Maven was the next generation build tool that was created to address a lot of the problems that tools like Ant had. It instituted a few rules and concepts that helped make projects more organized and uniform:

  • By default, projects have a strict structure - java code files go under src/main/java, resource files gounder src/main/resources, and the equivalent test java files and resources go under src/test/java and src/test/resources. This makes it easy to bootstrap a build file because it is clear where the source files are.
  • Project code is built into a maven package that has a package group id, artifact id, and version. These packages can be installed in Maven repositories, and this makes it easy to reuse the packages because you only needed the group id, artifact id, and version to pull the appropriate package.
  • Maven builds go through a series of phases that are standard for all builds. You can customize what happens in each phase with plugins (and you can even write your own plugins), and some phases may not do anything, but understanding the phases makes it easy to understand what order things happen in.

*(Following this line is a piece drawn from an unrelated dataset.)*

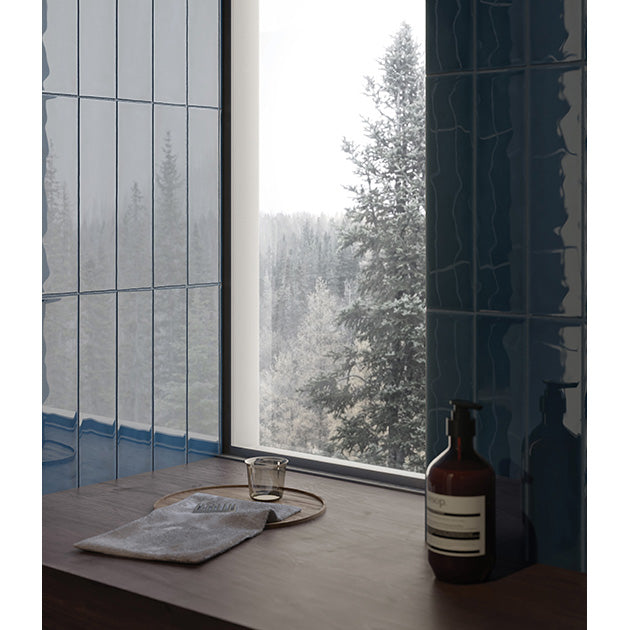 Anatolia Tile 3X12 Teramoda Ink Glossy 4000-0253-0 Ink - premium natural stone mosaic tile from Anatolia Tile, available at PoshHaus showroom in Keene, NH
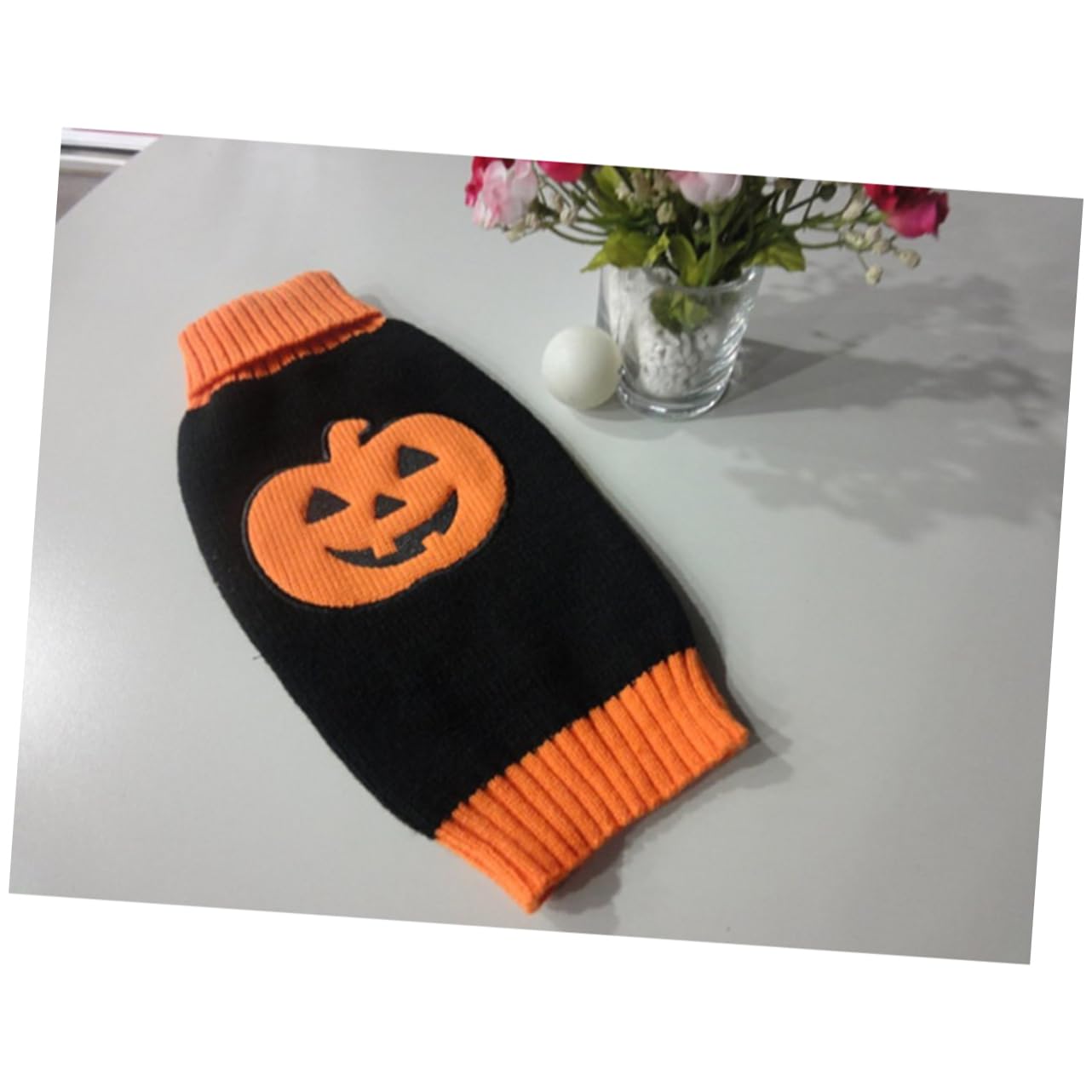 Kisangel 3 Pièces Pull pour Chien Citrouille pour Animaux de Compagnie vêtements d'halloween décor d'halloween déguisements Chandails décoration Pull-Over Robes Marrant décorer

  • Maven introduced the concept of goals to specify what the objective of the build is. Normally the goal is either to compile, test, package, or install, but other goals can be specified as well. These goals can determine how far through the build process Maven will go before stopping. For example, running a mvn compile command will only go as far as compiing the code and not do any testing or packaging.
  • Maven added profiles which allows developers to define different build processes as necessary. For example, you might want to build in additional code for testing purposes in lower environments but then leave out that code in production environments.

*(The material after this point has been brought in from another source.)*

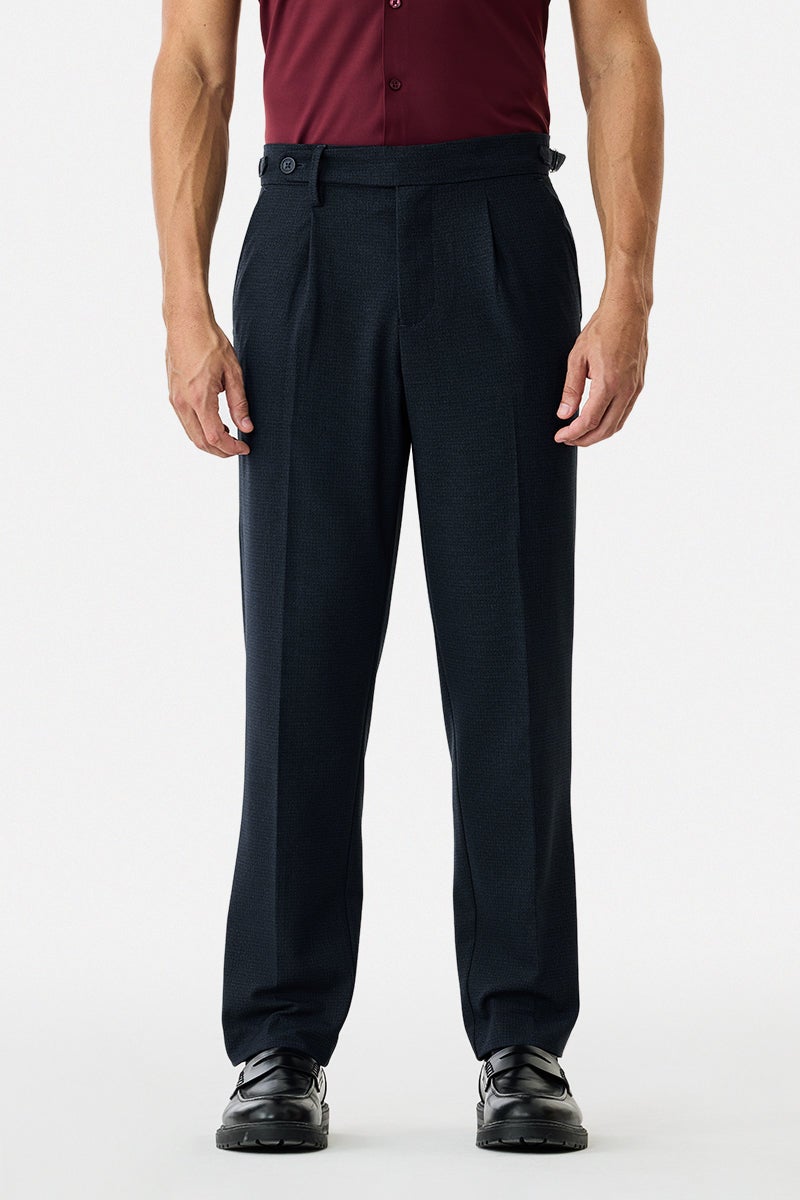 SNITCH Relaxed Fit Stretch Pleated Trousers - Image 3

There were some additional features that really helped developers when they ran into problems:

  • You can get a dump of the dependency tree, which allows you to see all the Maven packages that will be included in the project. One major problem that developers often run into is conflicting versions of libraries, and looking at the dependency tree can help pinpoint the source of the conflict.
  • Maven has the ability to generate build files and even source code based on archetypes. These are templates that include a lot of the boilerplate code that you need to get a project to the state where you can start working on business logic. Leveraging these templates can make projects more uniform and easier to start.

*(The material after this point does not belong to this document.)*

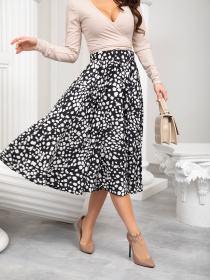 Юбка миди ISSA Plus модель 13215_blackwhite Фото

  • Maven projects can be nested or inherit from other Maven projects, which makes it so that you can define common dependencies and build configurations in one place and then just add specific dependencies or configurations for individual modules. This makes it easier to add new modules to an existing project or base a new project off an existing project.

I'm less familiar with Gradle, so I can't speak to that, but my understanding is that it builds upon the things that Maven does and takes it further. The point, however, is that build tools like Maven and Gradle have set stricter standards on how code is built so that developers can easily pick up code from any project, know how it is structured, and easily modify it to their needs. These tools also empower developer communities to share libraries. A lot of other languages like Python and NodeJS have similar tools that use standard project structures for the same purpose. If you aren't using one of these tools, there is a good chance you are spending valuable time managing your build process instead of writing code.